Einfluss von HIV auf Sterblichkeit bei COVID-19-Infektion
In einer grossen Studie mit über 360 000 Datensätzen aus 42 Ländern (davon 95 Prozent in Afrika) wurde einmal mehr versucht, den Einfluss von HIV auf die Sterblichkeit bei einer COVID-19-Infektion zu ermitteln. Der Datensatz umfasste rund 17 000 Personen mit der Diagnose HIV. Im Vergleich zur HIV-negativen Kontrollgruppe hatten Personen mit HIV ein um 15 Prozent erhöhtes Risiko für einen schweren Verlauf der COVID-19-Infektion und ein um 38 Prozent erhöhtes Risiko, im Krankenhaus zu sterben. Die gute Nachricht: Personen mit HIV, die unter einer antiretroviralen Therapie standen, hatten ein deutlich geringeres Risiko für einen tödlichen oder einen schweren Verlauf als diejenigen, die keine antiretrovirale Therapie einnahmen. Zusammenfassend bestätigt auch diese Studie das höhere Risiko für einen schweren oder gar tödlichen Verlauf von COVID-19 bei Menschen mit HIV gegenüber den HIV-negativen Kontrollgruppen. Sicherlich ein Argument dafür, sich diesen Herbst/Winter erneut gegen COVID-19 impfen zu lassen.
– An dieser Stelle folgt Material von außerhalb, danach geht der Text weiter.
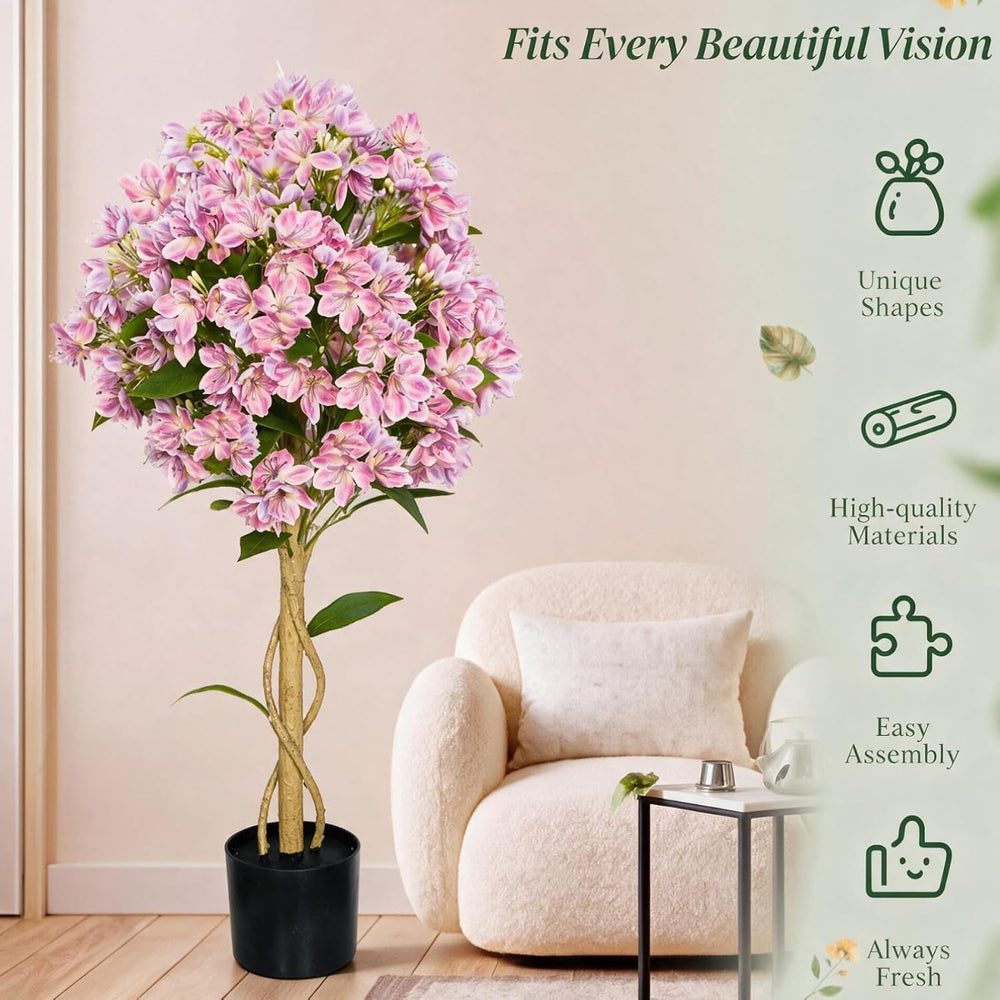 2 Pack Artificial Jasmine Flower Tree, 3FT Tall Faux Pink Potted Plant, UV Re...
Heilung von HIV: Der «City of Hope» Patient
Seit dem berühmten «Berlin»-Patienten Timothy Brown ist klar, dass HIV geheilt werden kann – wenn auch nur mit sehr grossem Aufwand und potenziell tödlichen Prozeduren wie Stammzellentransplantation und Ganzkörperbestrahlung. Insgesamt waren bis anhin drei solche Fälle bekannt. Nun gilt eine weitere Person als von HIV geheilt: An der Konferenz wurde er als «City of Hope»-Fall beschrieben, da er im gleichnamigen Spital behandelt wurde. Der heute 66-jährige Mann hatte 31 Jahre lang mit HIV gelebt, als er an einem aggressiven Blutkrebs erkrankte. Als Therapie gegen den Krebs erhielt er drei Chemotherapien und zuletzt eine Stammzellentransplantation, die Immunzellen eines gesunden Spenders mit einer natürlichen HIV-Resistenz enthielt. Vier Jahre nach der Transplantation lebt der Mann ohne antiretrovirale Therapie und scheint von HIV geheilt zu sein.